Members should refer to their instructions and consider the limitations of their knowledge before reporting on building services. It is likely that input from specialist engineers will be required to appropriately report upon the condition and maintenance requirements of building services.

It is not normal to undertake any tests of the service installations during the site inspection, particularly services related to fire detection, alarms or firefighting/suppression. Assessments of serviceability are usually done through a review of the statutory documents, which should be held as part of the onsite as-built file, or provided by the client. Where there are copies of current, up-to-date maintenance reports or test certificates, RICS members should review these and report any comments or findings. If further clarification is required to understand or explain the information included in technical documents, RICS members should recommend further investigation or analysis from a suitably qualified expert (as detailed in section 3.6).

 

When advising on remedial works, members should consider the most appropriate repair in the best interests of the building to establish the best possible solutions. Unless otherwise instructed by the client, RICS members may later amend the findings or recommendations following discussion with the client, which can be documented in the report.

Concerning fire engineering, RICS members are not expected to take on the role of a qualified fire safety engineer or specialist. As part of the legal/technical document review, RICS members should establish whether there are any acceptance reports from the initial design team or relevant authorities or fire risk assessments confirming compliance of the premises with fire regulations. During the visual inspection, RICS members should note any evidence of alterations to the structure and its protection that may compromise resistance to fire. This could include the protection for steel structural components where this is evident.

RICS members should note the presence of potentially deleterious materials, including asbestos containing materials, composite cladding, aluminium composite materials and high pressure laminate (HPL). RICS members should review O&M manuals and discuss with manufacturers to ensure these materials are being used appropriately.

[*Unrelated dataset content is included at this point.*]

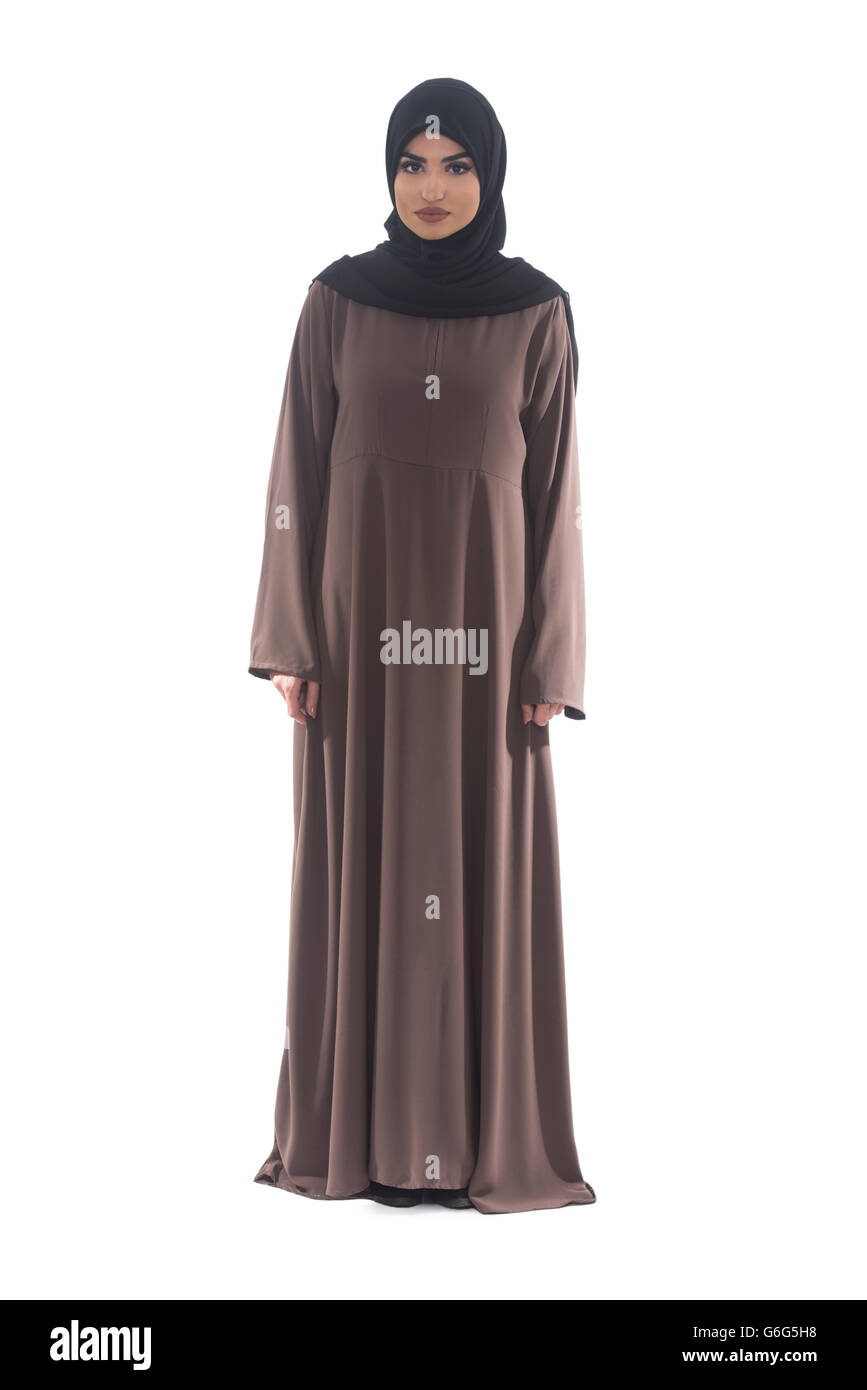 Vestimenta Nacional De Mujer árabe Camina a Lo Largo De Un Europeo. Imagen  de archivo - Imagen de ropa, hombre: 235343713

For the decoration of internal and external building elements, RICS members should consider the use of the building and the amount of wear the elements will receive, as well as the client's standard of decorative repair and the budget allowance for decorations. Occupational agreements may impose decoration intervals on occupiers and landlords.

Typically, PPM reports that cover periods of 5-10 years will not include day-to-day maintenance, testing, cleaning or security. The client may have separate annual PPM reports covering these maintenance items, often provided by a facilities/maintenance contractor. It may be applicable to include an overall cost of these services within a long-term PPM report for accountancy/service charge purposes.